Wandb sweep using slurm and multi gpu setting

Hi, I am using slurm to submit a sweep using the following file

#SBATCH --job-name=distributed
#SBATCH --account=[ACCOUNT]
#SBATCH --nodes=1
#SBATCH --ntasks-per-node=1
#SBATCH --gres=gpu:2
#SBATCH --cpus-per-task=8
#SBATCH --mem=32G

#SBATCH --time=00:05:00
#SBATCH --output=logs/gpu_multi_mpi%j.out 
#SBATCH --error=logs/gpu_multi_mpi%j.out

module purge
module load cuda
module load python/3.9

source ~/venv/bin/activate

wandb agent --count 10 [AGENT_ID]

Here is a copy of the main.py

if __name__ == "__main__":
    # parse the arguments
    parser = argparse.ArgumentParser(
        "Distributed Optimization Script", parents=[get_args_parser()]
    args = parser.parse_args()
    mp.set_start_method("spawn", force=True)

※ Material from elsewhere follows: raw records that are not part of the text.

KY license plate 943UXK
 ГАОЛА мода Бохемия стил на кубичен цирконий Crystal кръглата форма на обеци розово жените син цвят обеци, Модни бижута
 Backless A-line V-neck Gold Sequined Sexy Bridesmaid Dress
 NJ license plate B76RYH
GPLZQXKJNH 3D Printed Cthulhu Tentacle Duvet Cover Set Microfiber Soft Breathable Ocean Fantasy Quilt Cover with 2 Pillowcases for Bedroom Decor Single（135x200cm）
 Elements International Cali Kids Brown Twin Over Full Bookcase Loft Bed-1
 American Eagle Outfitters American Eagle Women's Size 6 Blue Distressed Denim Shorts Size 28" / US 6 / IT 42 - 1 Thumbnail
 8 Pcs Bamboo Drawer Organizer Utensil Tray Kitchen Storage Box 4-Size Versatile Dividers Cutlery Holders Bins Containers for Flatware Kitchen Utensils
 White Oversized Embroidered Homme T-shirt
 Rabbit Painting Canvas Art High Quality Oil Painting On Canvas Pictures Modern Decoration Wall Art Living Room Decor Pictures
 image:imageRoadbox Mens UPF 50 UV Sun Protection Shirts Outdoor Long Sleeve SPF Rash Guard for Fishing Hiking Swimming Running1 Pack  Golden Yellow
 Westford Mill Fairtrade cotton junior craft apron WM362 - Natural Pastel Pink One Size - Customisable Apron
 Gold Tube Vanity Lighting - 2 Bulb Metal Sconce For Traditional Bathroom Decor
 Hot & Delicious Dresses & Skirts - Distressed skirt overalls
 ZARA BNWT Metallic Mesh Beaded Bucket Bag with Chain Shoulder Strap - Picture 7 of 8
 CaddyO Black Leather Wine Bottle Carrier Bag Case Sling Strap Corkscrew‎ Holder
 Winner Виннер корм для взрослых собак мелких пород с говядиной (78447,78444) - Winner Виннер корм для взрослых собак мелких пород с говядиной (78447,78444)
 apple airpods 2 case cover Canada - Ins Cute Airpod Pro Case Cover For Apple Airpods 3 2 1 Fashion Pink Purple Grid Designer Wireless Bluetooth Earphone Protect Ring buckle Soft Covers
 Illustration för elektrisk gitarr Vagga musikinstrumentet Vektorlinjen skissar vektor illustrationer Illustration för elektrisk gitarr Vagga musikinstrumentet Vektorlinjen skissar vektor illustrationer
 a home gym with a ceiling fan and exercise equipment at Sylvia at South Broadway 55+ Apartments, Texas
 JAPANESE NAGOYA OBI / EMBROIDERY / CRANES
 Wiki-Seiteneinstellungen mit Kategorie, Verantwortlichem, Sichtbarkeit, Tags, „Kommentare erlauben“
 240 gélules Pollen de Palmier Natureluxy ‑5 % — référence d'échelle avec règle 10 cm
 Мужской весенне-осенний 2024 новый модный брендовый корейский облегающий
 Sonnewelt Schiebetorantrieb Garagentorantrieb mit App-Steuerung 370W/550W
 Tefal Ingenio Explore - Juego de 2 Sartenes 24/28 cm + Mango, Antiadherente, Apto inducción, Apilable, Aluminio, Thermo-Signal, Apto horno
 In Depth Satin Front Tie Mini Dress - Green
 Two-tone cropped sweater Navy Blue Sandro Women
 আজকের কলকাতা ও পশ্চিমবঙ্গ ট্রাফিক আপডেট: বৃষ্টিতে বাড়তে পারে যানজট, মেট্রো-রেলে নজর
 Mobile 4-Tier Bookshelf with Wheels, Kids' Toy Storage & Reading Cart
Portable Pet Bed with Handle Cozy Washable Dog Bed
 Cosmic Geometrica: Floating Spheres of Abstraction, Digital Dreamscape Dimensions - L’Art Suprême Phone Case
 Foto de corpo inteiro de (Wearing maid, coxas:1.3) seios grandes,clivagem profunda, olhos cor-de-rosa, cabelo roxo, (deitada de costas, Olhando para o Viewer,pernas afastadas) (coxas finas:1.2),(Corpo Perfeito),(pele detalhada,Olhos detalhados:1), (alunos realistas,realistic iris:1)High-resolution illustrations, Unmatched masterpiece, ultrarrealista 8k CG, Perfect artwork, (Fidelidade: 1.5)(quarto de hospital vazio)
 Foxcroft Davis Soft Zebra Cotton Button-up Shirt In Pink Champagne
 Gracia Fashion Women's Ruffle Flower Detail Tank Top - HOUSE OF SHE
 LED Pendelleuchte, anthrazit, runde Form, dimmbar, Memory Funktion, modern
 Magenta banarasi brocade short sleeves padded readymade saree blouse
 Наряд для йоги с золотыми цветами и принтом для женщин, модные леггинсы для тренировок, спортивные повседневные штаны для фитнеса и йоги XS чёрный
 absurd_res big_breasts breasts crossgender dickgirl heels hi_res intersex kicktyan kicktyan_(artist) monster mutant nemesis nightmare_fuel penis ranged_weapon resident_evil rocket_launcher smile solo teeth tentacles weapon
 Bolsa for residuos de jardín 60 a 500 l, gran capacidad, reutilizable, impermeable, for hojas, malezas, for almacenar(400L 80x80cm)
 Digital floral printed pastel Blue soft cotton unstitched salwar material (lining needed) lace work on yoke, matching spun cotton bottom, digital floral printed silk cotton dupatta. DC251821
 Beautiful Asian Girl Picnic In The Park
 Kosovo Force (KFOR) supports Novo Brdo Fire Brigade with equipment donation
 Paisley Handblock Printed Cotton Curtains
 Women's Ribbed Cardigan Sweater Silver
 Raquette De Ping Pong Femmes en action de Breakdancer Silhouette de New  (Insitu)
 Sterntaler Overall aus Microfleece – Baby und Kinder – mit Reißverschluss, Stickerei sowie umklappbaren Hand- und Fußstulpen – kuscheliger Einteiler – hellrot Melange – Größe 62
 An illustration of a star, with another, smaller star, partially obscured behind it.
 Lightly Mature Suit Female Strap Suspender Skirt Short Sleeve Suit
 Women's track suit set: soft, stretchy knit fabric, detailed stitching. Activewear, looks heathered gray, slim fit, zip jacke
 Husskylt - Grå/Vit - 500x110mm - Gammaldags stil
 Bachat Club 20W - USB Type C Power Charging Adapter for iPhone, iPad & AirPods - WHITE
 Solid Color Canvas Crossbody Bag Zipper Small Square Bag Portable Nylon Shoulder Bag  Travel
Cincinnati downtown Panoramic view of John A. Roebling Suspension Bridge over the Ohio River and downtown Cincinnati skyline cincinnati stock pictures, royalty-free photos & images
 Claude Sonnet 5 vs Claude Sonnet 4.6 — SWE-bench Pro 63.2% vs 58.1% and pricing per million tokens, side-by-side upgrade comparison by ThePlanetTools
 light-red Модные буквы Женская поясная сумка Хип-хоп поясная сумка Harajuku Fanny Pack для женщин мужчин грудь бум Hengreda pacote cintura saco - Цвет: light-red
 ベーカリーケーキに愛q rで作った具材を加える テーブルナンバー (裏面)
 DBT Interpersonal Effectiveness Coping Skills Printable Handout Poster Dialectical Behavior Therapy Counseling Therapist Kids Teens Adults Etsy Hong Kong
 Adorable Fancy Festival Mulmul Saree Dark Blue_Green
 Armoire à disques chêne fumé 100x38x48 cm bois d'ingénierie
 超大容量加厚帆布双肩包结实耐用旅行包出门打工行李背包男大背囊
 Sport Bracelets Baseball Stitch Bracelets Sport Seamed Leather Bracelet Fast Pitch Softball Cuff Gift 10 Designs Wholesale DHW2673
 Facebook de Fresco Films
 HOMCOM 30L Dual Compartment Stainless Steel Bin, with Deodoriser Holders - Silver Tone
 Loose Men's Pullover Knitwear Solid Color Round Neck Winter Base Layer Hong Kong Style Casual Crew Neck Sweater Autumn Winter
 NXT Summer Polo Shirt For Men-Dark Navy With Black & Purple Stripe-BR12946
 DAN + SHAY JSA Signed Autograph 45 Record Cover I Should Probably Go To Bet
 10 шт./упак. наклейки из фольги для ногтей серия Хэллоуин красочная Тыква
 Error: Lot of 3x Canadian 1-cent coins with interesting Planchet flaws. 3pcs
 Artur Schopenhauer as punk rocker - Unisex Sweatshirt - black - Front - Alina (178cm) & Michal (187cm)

    NODE_ID = os.environ["SLURM_NODEID"]
    rank = int(os.environ["SLURM_PROCID"])
    local_rank = int(os.environ["SLURM_LOCALID"])
    world_size = int(os.environ["SLURM_NTASKS"])
    hostnames = hostlist.expand_hostlist(os.environ["SLURM_JOB_NODELIST"])
    n_nodes = len(hostnames)
    print(NODE_ID, rank, local_rank, world_size, hostnames)
    # get IDs of reserved GPU
    gpu_ids = os.environ["SLURM_STEP_GPUS"].split(",")
    print(f"GPU IDS: {gpu_ids}")

When running this file regularly using slurm (not sweeping) gpu_ids is populated and works fine. However when I attempt to sweep using the code snippet shown earlier - I get a key error.


How can I access the gpu_ids of the requested gpus when doing a sweep?